Home prices drove affordability improvements in 10 of 13 major cities last month
Home affordability improved in the majority of Canadian markets in October, but the gains may prove short-lived.
A new analysis from Ratehub.ca found that 10 of 13 major cities studied saw borrowers require less income to purchase the average home, driven almost entirely by modest price declines rather than lower mortgage rates.
The shift reflects a housing market in flux. "Home prices were the primary driving factor for the improvement. Mortgage rates remained unchanged month-over-month," said Penelope Graham, mortgage expert at Ratehub.ca.
The five-year fixed mortgage rate held steady at 4.47%, with a corresponding stress test rate of 6.47%.
Vancouver posted the largest monthly gains. The benchmark home price dropped $9,600 to $1,132,500, reducing the income required to qualify for a mortgage by $1,800.
A buyer in that scenario would save $49 monthly on their mortgage payment. Hamilton followed, with home prices declining $6,100 and the required qualifying income falling by $1,150.
Yet momentum appeared to weaken. Three cities saw affordability deteriorate, with Fredericton recording the steepest decline. Average home prices in the Nova Scotia city rose $7,500, pushing the required income needed to buy up $1,440 and monthly mortgage payments up $38.
For borrowers seeking relief, the window for rate cuts may be closing. The Bank of Canada signaled October's quarter-point reduction would likely be its last for now, citing stabilizing inflation and a more predictable global trade landscape.
"The current rate policy is 'about the right level' to keep the economy on a straight path," the central bank's Governing Council said in its October 29 announcement.
Looking ahead, Graham advised urgency. "The best 5-year fixed rate on Ratehub.ca continues to be 3.79%. Securing a lower rate will have a big impact on how much you can qualify for. Looking at the average national home price of $690,195 that could mean a savings of $238 per month, or $2,856 per year," she said.

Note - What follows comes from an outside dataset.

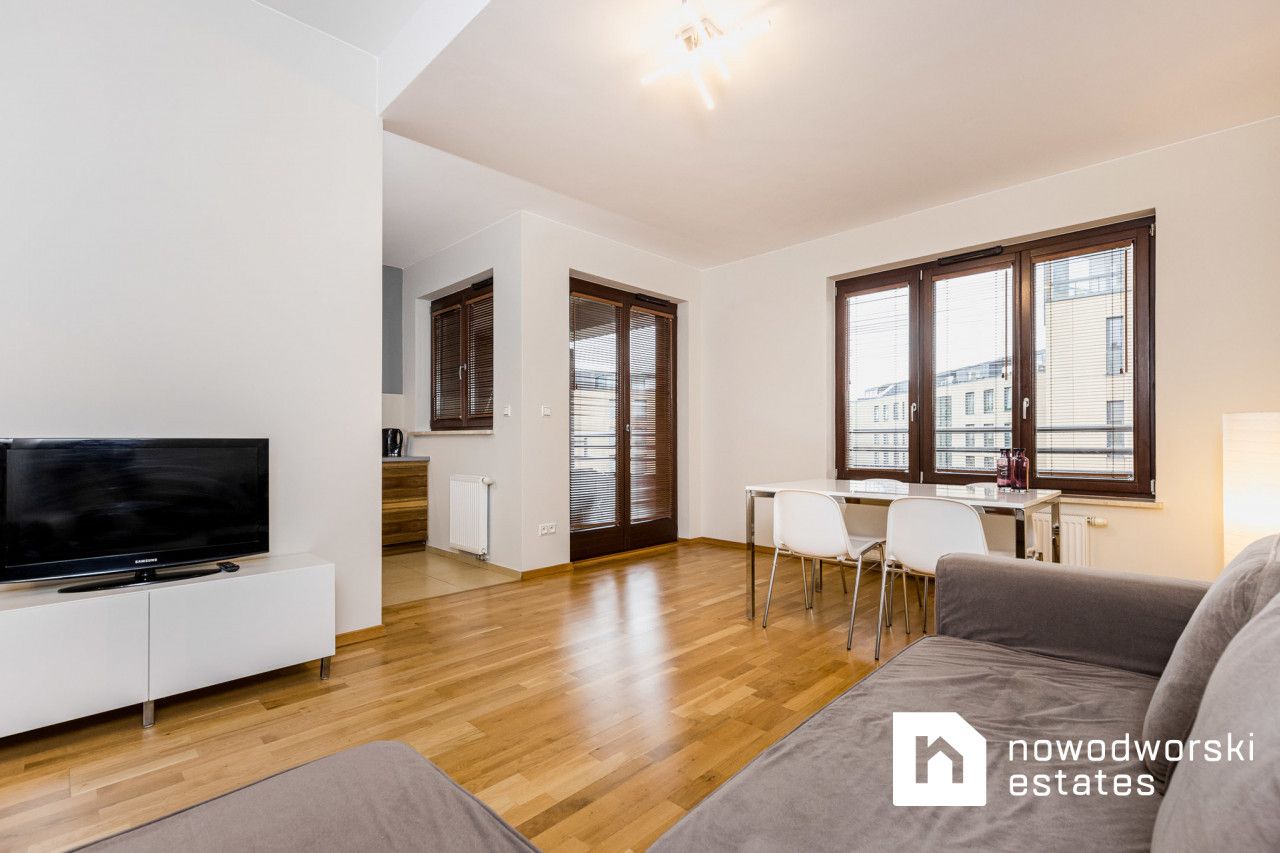 Muranów's Apartment, 2 rooms on Pokorna street with underground parking place. - Apartment - Rent - Warszawa, Śródmieście / Muranów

"Familiarize yourself with the current interest rate environment if you're entering the home buying market or if you have a renewal coming up. Consider getting a pre-approval to lock in today's lowest rate for up to 120 days."
Meanwhile, Canadian home sales saw a modest uptick in October, with activity edging up 0.9% month-over-month according to the Canadian Real Estate Association (CREA).
That continuing sluggishness suggests that plenty of buyers are still waiting to see what’s in store for the economy – and whether Canada and the US can strike a deal to end the ongoing trade war, according to Royal LePage vice president, research and communications Anne-Elise Cugliari Allegritti.